=== Data ===
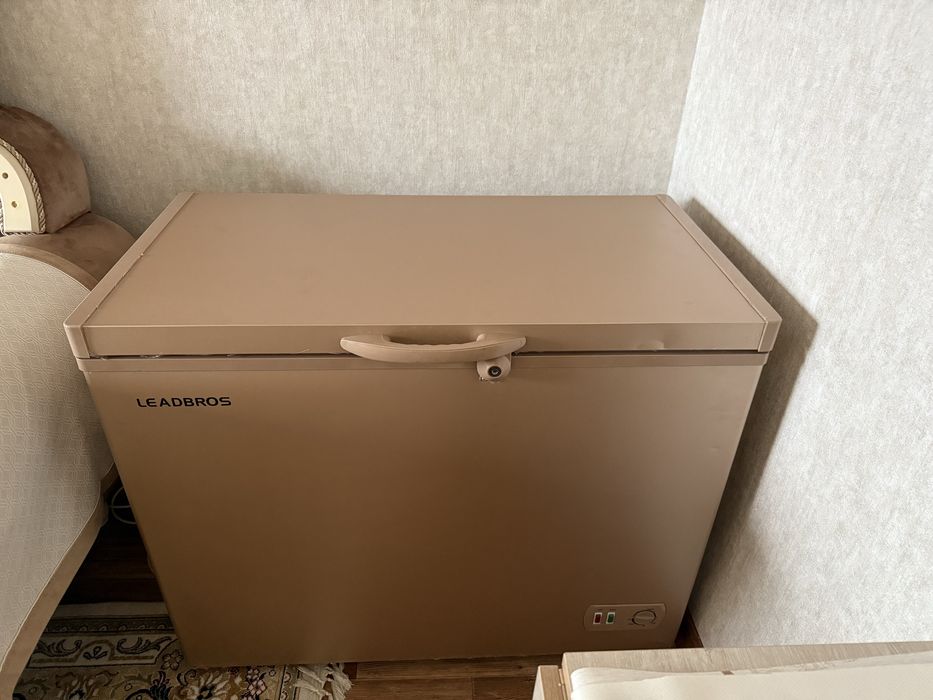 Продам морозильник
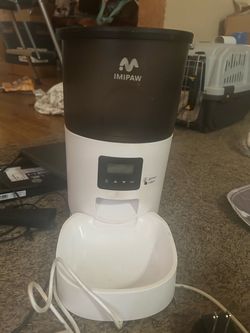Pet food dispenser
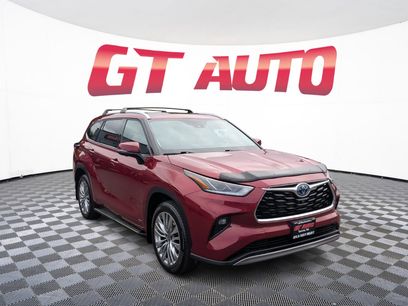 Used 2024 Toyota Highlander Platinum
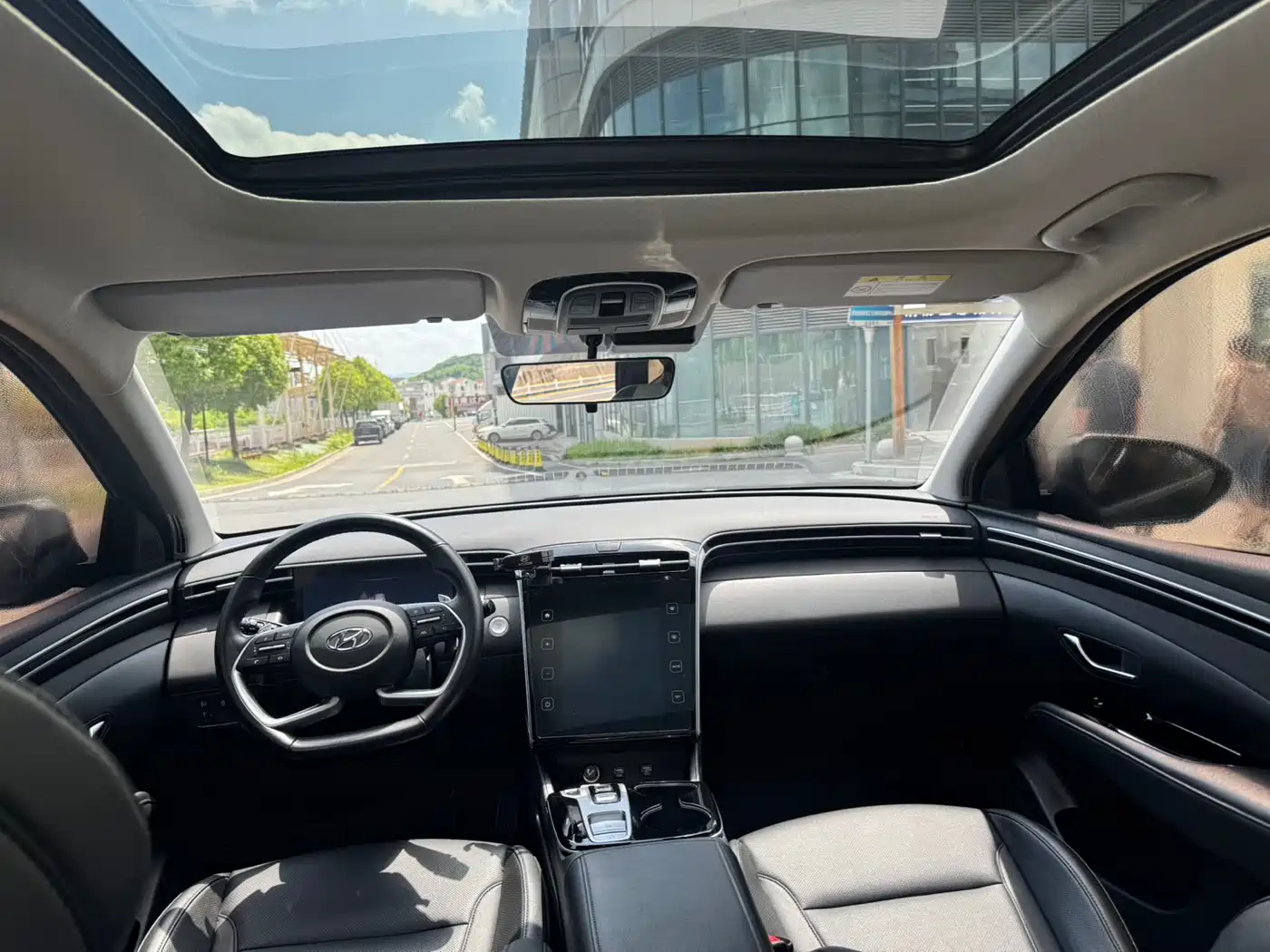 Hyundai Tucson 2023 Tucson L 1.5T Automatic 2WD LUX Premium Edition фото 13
===
• What to produce
Leave every picture out and print exactly the lines from the one that contains "Pet food dispenser" through the last line of the material above.

• Task result
Pet food dispenser
 Used 2024 Toyota Highlander Platinum
 Hyundai Tucson 2023 Tucson L 1.5T Automatic 2WD LUX Premium Edition фото 13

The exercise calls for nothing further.